* **Work required**
Scan the records for the line containing "Girard Perregaux Laureato"; extract it and all later lines, verbatim, through the end, and nothing before it.

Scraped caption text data

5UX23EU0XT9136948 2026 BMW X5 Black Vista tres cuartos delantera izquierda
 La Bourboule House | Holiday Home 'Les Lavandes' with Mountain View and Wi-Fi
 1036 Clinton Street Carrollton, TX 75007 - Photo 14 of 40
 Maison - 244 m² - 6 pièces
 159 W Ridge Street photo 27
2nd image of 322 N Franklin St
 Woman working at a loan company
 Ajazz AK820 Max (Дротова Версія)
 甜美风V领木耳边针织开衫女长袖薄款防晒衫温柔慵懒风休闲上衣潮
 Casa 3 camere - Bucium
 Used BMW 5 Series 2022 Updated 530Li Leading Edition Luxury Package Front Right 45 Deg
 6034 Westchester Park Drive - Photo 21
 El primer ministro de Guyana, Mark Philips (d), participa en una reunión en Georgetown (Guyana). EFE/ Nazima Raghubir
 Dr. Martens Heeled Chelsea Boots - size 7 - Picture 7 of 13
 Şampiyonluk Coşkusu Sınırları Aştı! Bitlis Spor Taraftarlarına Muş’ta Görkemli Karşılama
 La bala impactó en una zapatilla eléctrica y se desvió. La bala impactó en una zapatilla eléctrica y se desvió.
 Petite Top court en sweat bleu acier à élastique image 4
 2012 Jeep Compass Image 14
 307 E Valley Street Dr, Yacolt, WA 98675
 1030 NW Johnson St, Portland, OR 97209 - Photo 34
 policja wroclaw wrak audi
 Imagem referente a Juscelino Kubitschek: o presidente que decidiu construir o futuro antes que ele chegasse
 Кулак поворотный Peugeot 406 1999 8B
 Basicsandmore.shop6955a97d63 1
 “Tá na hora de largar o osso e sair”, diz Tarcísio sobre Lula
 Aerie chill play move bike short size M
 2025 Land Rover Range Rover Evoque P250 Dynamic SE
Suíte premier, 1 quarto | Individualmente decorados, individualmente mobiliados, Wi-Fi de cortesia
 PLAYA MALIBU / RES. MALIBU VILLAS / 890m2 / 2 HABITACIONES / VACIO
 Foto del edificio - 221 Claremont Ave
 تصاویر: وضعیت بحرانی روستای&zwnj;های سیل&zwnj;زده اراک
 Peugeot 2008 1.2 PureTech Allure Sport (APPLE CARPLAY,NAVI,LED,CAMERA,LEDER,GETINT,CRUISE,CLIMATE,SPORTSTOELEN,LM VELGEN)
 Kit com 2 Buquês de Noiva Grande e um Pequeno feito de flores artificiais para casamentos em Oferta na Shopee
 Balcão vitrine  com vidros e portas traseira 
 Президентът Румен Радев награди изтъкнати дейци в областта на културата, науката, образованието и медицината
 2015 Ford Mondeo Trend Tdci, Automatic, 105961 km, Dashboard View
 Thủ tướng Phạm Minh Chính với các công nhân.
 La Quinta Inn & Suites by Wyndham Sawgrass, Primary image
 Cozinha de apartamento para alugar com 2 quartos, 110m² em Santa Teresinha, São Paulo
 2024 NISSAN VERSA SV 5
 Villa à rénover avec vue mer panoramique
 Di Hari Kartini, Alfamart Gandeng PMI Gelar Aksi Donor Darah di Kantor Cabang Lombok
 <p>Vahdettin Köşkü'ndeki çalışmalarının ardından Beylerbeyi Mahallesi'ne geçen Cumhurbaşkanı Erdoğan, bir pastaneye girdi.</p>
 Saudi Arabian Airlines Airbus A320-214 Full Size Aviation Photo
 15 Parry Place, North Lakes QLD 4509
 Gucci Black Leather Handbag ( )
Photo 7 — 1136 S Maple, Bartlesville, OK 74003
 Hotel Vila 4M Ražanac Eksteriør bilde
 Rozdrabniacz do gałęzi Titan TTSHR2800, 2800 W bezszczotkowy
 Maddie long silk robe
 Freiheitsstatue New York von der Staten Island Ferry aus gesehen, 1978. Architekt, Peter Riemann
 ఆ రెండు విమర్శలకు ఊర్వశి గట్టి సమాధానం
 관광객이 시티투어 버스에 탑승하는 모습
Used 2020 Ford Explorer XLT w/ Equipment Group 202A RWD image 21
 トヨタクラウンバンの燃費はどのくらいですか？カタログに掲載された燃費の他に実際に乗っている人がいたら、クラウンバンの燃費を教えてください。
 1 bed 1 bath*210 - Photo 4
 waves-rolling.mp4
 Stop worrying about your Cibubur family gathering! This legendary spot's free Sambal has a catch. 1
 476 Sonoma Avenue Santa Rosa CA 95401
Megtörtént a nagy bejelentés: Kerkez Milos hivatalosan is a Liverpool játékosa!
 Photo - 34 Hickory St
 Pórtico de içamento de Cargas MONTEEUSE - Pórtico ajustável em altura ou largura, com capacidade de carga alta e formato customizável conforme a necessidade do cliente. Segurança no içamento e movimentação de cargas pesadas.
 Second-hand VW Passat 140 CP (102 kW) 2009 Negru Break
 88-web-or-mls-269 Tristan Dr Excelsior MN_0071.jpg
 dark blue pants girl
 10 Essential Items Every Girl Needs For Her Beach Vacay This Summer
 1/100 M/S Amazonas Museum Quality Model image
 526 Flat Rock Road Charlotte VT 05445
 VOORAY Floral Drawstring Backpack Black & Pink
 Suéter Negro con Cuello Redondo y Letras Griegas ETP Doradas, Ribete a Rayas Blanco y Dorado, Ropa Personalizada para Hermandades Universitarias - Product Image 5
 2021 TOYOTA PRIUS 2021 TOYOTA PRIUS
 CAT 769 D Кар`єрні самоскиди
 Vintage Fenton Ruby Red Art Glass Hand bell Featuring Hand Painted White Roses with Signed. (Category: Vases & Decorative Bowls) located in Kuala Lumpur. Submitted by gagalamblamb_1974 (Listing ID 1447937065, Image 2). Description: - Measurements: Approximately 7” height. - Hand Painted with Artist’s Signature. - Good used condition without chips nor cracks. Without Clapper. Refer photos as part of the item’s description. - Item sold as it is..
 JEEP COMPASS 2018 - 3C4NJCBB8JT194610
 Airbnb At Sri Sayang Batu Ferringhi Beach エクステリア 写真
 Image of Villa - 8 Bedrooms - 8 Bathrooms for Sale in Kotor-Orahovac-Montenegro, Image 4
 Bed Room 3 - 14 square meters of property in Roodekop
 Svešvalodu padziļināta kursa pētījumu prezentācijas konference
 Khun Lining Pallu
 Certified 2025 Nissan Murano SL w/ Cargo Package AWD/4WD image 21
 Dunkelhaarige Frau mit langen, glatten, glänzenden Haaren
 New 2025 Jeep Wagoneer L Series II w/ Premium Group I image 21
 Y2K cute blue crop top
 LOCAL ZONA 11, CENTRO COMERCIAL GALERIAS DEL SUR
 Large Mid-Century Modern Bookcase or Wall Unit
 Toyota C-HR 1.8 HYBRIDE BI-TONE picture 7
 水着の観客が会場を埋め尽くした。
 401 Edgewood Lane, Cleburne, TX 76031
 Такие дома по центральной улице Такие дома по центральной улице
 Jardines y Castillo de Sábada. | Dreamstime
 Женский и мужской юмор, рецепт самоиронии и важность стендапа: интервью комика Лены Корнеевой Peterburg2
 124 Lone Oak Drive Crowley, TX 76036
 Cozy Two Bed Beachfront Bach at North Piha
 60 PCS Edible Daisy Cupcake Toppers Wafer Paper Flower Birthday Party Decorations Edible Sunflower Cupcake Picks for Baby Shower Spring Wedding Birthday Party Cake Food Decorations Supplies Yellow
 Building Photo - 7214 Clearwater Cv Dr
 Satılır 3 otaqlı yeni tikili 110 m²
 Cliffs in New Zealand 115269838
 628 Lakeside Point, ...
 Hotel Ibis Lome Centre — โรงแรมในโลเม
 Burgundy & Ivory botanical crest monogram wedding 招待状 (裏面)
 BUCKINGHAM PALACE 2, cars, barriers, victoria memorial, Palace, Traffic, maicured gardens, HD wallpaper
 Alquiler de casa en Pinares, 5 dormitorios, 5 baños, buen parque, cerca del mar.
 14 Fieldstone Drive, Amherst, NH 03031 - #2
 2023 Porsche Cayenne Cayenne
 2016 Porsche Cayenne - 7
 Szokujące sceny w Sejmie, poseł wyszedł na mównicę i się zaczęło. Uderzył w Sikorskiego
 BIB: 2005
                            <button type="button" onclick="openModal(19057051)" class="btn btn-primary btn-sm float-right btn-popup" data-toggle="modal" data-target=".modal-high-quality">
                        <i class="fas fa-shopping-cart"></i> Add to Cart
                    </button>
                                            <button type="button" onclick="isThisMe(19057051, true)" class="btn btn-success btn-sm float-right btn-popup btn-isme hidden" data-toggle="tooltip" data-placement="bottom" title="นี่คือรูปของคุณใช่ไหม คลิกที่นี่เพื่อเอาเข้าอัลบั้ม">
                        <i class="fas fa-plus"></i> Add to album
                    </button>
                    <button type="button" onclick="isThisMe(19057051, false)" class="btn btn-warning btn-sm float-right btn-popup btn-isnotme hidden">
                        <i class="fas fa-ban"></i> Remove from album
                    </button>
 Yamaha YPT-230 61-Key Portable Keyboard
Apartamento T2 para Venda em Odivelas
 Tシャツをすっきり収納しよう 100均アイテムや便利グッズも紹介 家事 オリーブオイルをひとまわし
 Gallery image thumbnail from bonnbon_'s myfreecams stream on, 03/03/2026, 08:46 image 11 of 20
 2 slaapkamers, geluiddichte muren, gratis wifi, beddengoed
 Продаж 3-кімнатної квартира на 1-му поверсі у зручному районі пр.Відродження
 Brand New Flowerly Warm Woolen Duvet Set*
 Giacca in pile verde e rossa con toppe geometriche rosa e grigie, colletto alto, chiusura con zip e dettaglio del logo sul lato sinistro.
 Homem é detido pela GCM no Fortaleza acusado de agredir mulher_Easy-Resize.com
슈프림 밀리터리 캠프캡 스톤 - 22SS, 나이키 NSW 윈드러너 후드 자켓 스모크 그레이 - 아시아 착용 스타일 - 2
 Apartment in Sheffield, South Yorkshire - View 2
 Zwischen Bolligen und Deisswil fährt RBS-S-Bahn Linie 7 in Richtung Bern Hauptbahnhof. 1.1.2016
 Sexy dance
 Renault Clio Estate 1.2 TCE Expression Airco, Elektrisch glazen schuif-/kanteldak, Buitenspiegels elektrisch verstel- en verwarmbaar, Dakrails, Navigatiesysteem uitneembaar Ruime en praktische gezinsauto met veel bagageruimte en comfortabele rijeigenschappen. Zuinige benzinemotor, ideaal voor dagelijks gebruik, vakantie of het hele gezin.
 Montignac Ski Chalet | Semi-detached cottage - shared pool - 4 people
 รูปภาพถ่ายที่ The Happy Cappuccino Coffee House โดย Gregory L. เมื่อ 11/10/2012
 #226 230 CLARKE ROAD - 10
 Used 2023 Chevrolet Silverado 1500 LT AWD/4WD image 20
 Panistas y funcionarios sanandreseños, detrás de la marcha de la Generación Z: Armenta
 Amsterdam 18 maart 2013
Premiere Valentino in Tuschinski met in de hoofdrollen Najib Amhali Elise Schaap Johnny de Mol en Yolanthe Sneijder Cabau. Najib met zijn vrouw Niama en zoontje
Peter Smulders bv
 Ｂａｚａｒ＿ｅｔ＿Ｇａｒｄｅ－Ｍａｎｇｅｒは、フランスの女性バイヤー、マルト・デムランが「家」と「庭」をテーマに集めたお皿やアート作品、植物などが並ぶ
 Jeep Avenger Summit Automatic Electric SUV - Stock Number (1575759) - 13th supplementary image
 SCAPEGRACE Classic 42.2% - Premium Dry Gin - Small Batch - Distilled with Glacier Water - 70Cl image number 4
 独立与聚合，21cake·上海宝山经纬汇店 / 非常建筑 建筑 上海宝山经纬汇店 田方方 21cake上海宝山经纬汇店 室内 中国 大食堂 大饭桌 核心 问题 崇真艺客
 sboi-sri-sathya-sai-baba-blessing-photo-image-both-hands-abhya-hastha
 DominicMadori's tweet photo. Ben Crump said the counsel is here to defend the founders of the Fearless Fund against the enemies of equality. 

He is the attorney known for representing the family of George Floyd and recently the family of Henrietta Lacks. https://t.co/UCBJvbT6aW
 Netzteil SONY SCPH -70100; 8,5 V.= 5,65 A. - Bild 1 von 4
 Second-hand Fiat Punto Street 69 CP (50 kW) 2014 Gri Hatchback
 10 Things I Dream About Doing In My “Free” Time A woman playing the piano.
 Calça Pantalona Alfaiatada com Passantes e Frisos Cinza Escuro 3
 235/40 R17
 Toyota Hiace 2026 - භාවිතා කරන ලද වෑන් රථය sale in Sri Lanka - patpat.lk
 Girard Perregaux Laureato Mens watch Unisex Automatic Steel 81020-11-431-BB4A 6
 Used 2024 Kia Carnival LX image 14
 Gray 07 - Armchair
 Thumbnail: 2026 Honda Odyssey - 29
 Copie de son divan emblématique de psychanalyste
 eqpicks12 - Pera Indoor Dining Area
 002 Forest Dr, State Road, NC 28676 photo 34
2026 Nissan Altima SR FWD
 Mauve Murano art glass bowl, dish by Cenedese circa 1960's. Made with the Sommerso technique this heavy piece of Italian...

* **Result of the task**
 Girard Perregaux Laureato Mens watch Unisex Automatic Steel 81020-11-431-BB4A 6
 Used 2024 Kia Carnival LX image 14
 Gray 07 - Armchair
 Thumbnail: 2026 Honda Odyssey - 29
 Copie de son divan emblématique de psychanalyste
 eqpicks12 - Pera Indoor Dining Area
 002 Forest Dr, State Road, NC 28676 photo 34
2026 Nissan Altima SR FWD
 Mauve Murano art glass bowl, dish by Cenedese circa 1960's. Made with the Sommerso technique this heavy piece of Italian...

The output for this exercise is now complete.